The Energy Department should “not consider SRS as a reasonable consolidated interim storage location for EM spent nuclear fuel and high level radioactive waste pending establishment of a permanent geologic repository,” the SRS Citizens Advisory Board (CAB) said in a recommendation approved in a 16-6-1 vote at its bimonthly meeting Tuesday.
Congress and DOE have for years considered options for consolidating nuclear waste now housed at facilities across the country until a final storage site can be built. A private group in South Carolina in 2016 announced plans to apply for a Nuclear Regulatory Commission license for interim storage. but by this year had abandoned that approach. The industry’s focus has been on planned private facilities in Texas and New Mexico, though DOE has not ruled out interest in other possible proposals.
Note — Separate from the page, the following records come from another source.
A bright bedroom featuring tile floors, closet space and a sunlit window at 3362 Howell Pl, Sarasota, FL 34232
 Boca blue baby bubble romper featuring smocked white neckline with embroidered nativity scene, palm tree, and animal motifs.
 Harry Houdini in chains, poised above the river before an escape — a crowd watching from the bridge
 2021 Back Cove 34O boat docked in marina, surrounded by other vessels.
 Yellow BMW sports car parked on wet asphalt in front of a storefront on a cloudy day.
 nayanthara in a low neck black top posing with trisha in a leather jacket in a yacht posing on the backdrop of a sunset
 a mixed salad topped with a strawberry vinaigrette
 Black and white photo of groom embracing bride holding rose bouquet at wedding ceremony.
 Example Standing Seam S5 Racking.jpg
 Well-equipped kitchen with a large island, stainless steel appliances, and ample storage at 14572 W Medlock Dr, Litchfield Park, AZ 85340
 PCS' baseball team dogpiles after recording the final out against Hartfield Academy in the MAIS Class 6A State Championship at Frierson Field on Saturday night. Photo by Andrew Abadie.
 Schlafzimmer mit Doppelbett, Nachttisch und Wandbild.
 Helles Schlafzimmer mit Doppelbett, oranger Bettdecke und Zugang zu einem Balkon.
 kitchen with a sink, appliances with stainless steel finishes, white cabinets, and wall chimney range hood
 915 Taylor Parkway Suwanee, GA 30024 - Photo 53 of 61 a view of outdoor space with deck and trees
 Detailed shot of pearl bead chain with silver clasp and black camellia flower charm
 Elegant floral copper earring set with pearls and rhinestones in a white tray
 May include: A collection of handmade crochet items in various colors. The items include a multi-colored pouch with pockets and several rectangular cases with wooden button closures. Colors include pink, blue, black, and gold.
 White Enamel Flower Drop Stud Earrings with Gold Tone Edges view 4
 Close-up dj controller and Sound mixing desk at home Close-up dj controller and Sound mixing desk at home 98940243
The Trump administration is intent on securing $150 million in DOE and NRC funding for fiscal 2018 to revive the licensing process for the planned Yucca Mountain waste repository in Nevada, which its predecessor had abandoned. The House of Representatives has effectively met the administration’s request in its energy appropriations bill, while Senate appropriators included no money for Yucca Mountain.
The CAB recommendation also asks DOE to “stabilize and remove” the roughly 2,700 bundles of foreign and domestic spent fuel currently stored at SRS as quickly as possible. This is critical to SRS not becoming a permanent waste disposal facility for DOE’s spent fuel stockpiles, according to the board. Currently, SRS is not being considered for such storage, but the CAB has previously stated it wants to make its position clear.
Meanwhile, the CAB tabled a recommendation that asks the Energy Department to discontinue efforts to bring the German HEU to the site near Aiken, S.C.